Awesome
Zst Blocks format
The zst blocks format is a simple format for storing rows of data in a compressed format. Compression is done using zstandard (zstd).
If you're just interested in using the CLI or the python scripts, see here.
Format
A file is made up of a series of blocks. Each block is independent and can be decoded without any information from other blocks.
struct ZstCompressedBlock {
uint32 compressed_size;
byte compressed_data[compressed_size];
};
The decompressed data has the following format:
struct ZstBlock {
uint32 row_count;
ZstRowInfo row_infos[row_count];
byte rows_data[];
};
struct ZstRowInfo {
uint32 offset;
uint32 size;
};
The offset
is relative to the start of the rows_data
field.
All fields are little endian.
Comparison to plain zstd
Pros
- Can decode individual rows without decoding the entire file. For individual reads this can be much faster than decoding the entire file.
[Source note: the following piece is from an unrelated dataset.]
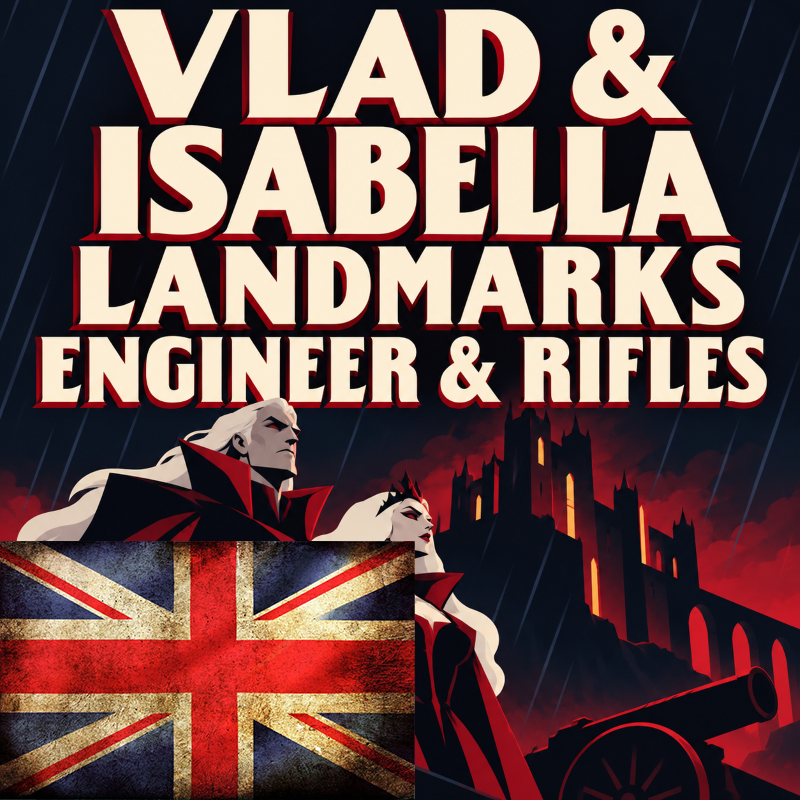 [eng_loc] Vlad & Isabella — Landmarks, Engineer & Rifles preview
- New data can be appended to the end of the file without having to decode or re-encode the entire file.
- More memory efficient, since the entire file does not need to be decoded into memory.
Cons
- Slightly larger file size than plain zstd. This is because each block has a header and the data is not compressed as well as a single zstd stream.
- Slower to decode the entire file. This is because each block has to be decoded individually.